Far from being mutually exclusive, the rational and the irrational are equally indispensable for the integration of the self. “The multipartite model, far from denying the soul’s unity, is meant to give an account of its endeavor towards unity” (Tordo-Rombaut, p. 175; cf. Möbus, p. 79, on aversion to pain as not threatening “the psychic harmony of the knowledgeable soul”). Rather than aspiring to eliminate the emotions, Plato wants them to be controlled by reason and to be repressed or transformed as a result. Thus, Jimenez writes about anger: “although Plato rejects retaliatory anger, he reserves a significant positive role for a transformed version of anger both in our intellectual development and in our moral formation. …  As a result of this transformation, anger becomes crucial for self-betterment and for social transformation” (p. 305). The problem of self-control is indeed the primary context in which the topic of emotions is evoked in Plato’s dialogues (Tordo-Rombaut, p. 169). Accordingly, “emotions are clear manifestations of how the rational human agent controls (or not) his own life” (Renaut, p. 118; cf. Maso, p. 85; Brisson, pp. 209-210).

Emotions in Plato is a rich and illuminating book, which will probably make not a few readers change their view of Plato’s attitude to emotions. The volume is beautifully produced and carefully copy-edited. My only complaint concerns the Indices. Although the volume is generously provided with no less than three—Index of Modern Authors, Index of Relevant Passages, and Index of Subjects—an Index of Ancient Authors is conspicuous by its absence.
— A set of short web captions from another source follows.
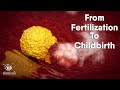 from fertilization to childbirth | 3d medical animation | by Dandelion Team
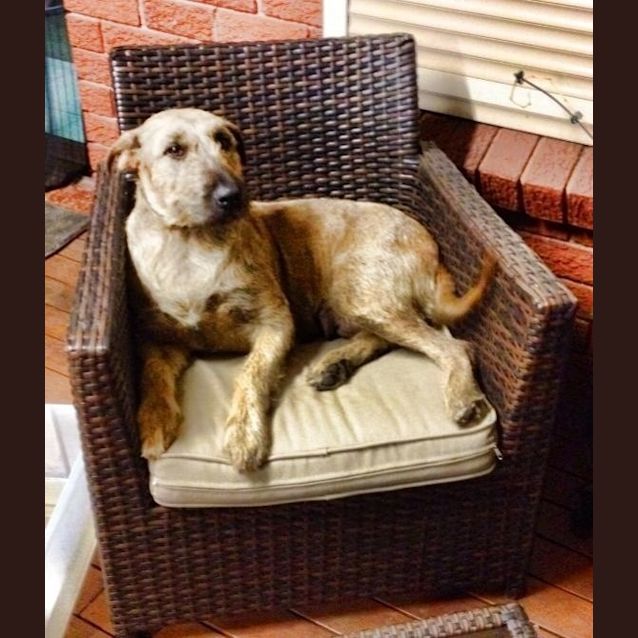 Photo of Taz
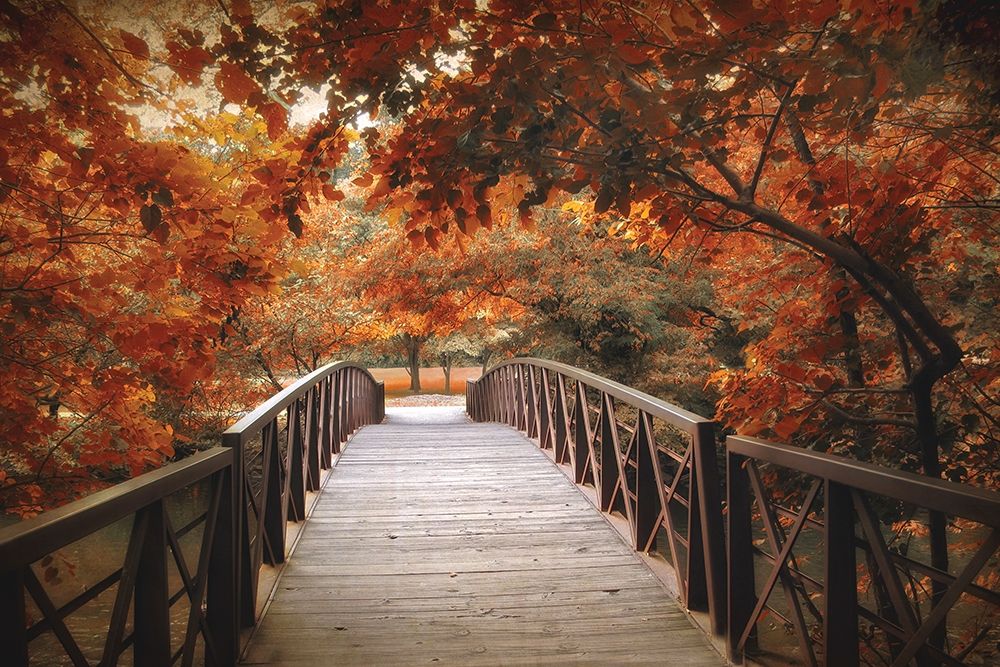 Footbridge art print by Jessica Jenney for $57.95 CAD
This is an unfortunate omission, for the reader who is interested, for example, in locating references to Aristotle beyond those relating to his works (there are many such general references throughout the volume) will be at a loss, and the same is true for such other highly relevant topics as, for example, “Socrates” or “the Stoics,” among others.

Authors and Titles

Laura Candiotto and Olivier Renaut, Introduction: Why Plato Comes First
1. Laura Candiotto and Vasilis Politis, Epistemic Wonder and the Beginning of the Enquiry: Plato’s Theaetetus (155d2-4) and Its Wider Significance
2. Pia Campeggiani, The Feel of the Real: Perceptual Encounters in Plato’s Critique of Poetry
3. Freya Möbus, Why Do Itches Itch? Bodily Pain in the Socratic Theory of Motivation
4. Stefano Maso, Emotions in Context: “Risk” as Condition for Emotion
5. Olivier Renaut, Emotions and Rationality in the Timaeus (Ti. 42a-b, 69c-72e)
6. Lidia Palumbo and Anna Motta, On the Desire for Drink in Plato and the Platonist Tradition
7. Myrthe L. Bartels, Plato’s Seasick Statesman: On (Not) Being Overwhelmed by Fear in Plato’s Laws
8. Karine Tordo-Rombaut, The Dialogue Between the Emotions in the Platonic Corpus
9. Carla Francalanci, Love, Speech and Charm in Plato’s Charmides: Reading the Dialogue through Emotions
10. Luc Brisson, The Notion of Φθόνος in Plato
11. Beatriz Bossi, On Mild Envy and Self-deceit
12. Chiara Militello, Αἰσχύνη and λογιστικόν in Plato’s Republic
13. Julia Pfefferkorn, Shame and Virtue in Plato’s Laws: Two Kinds of Fear and the Drunken Puppet
14. Simon Scott, Loving and Living Well: the Importance of Shame in Plato’s Phaedrus
15. Marta Jimenez, Plato on the Role of Anger in Our Intellectual and Moral Development
16. Rachana Kamtekar, Platonic Pity, or Why Compassion is Not a Platonic Virtue
17. Frisbee C. C. Sheffield, Love and the City: Eros and Philia in Plato’s Laws
David Konstan, Afterword: The Invention of Emotion?

Notes

[1] The Timaeus seems to be a special case, in that here emotions and sense-perceptions form a common genus which is called pathēma; see Olivier Renaut, p. 118.

[2] Pfefferkorn’s contribution stands apart, in that the author argues (convincingly, in my opinion) that in the Laws Plato still operates with the tripartite model of the soul.